*** RECORD EXCERPTS ***
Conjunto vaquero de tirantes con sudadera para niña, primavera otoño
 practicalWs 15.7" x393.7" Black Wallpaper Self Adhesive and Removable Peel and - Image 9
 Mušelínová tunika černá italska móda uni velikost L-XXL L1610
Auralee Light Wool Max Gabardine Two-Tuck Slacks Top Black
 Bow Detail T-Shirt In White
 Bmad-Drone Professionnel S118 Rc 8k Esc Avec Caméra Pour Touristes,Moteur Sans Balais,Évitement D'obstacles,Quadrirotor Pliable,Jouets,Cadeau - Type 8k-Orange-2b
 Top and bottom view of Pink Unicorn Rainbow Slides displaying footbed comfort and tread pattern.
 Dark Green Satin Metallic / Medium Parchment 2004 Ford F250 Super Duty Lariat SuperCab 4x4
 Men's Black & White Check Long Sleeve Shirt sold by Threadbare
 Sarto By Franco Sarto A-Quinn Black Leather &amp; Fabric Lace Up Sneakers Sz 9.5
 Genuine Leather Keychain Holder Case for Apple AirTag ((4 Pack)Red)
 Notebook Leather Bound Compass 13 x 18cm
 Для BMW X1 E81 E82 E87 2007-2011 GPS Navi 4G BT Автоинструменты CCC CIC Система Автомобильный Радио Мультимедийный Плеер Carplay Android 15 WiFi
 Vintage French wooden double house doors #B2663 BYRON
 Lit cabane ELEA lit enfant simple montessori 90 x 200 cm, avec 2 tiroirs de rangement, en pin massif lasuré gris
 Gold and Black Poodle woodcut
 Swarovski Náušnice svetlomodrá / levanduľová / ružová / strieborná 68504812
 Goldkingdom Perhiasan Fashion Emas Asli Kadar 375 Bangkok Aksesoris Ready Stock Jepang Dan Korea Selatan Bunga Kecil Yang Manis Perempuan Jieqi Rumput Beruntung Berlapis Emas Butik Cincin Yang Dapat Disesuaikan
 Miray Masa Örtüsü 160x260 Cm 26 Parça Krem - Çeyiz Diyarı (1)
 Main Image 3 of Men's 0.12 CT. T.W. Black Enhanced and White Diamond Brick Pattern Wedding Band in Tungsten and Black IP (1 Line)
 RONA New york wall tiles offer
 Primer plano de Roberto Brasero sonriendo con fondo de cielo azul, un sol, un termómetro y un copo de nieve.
***
EXERCISE AIM
Output each line of the records above exactly, beginning at the first, and stop once the line containing "Swarovski Náušnice svetlomodrá" has been output.

EXERCISE RESPONSE
Conjunto vaquero de tirantes con sudadera para niña, primavera otoño
 practicalWs 15.7" x393.7" Black Wallpaper Self Adhesive and Removable Peel and - Image 9
 Mušelínová tunika černá italska móda uni velikost L-XXL L1610
Auralee Light Wool Max Gabardine Two-Tuck Slacks Top Black
 Bow Detail T-Shirt In White
 Bmad-Drone Professionnel S118 Rc 8k Esc Avec Caméra Pour Touristes,Moteur Sans Balais,Évitement D'obstacles,Quadrirotor Pliable,Jouets,Cadeau - Type 8k-Orange-2b
 Top and bottom view of Pink Unicorn Rainbow Slides displaying footbed comfort and tread pattern.
 Dark Green Satin Metallic / Medium Parchment 2004 Ford F250 Super Duty Lariat SuperCab 4x4
 Men's Black & White Check Long Sleeve Shirt sold by Threadbare
 Sarto By Franco Sarto A-Quinn Black Leather &amp; Fabric Lace Up Sneakers Sz 9.5
 Genuine Leather Keychain Holder Case for Apple AirTag ((4 Pack)Red)
 Notebook Leather Bound Compass 13 x 18cm
 Для BMW X1 E81 E82 E87 2007-2011 GPS Navi 4G BT Автоинструменты CCC CIC Система Автомобильный Радио Мультимедийный Плеер Carplay Android 15 WiFi
 Vintage French wooden double house doors #B2663 BYRON
 Lit cabane ELEA lit enfant simple montessori 90 x 200 cm, avec 2 tiroirs de rangement, en pin massif lasuré gris
 Gold and Black Poodle woodcut
 Swarovski Náušnice svetlomodrá / levanduľová / ružová / strieborná 68504812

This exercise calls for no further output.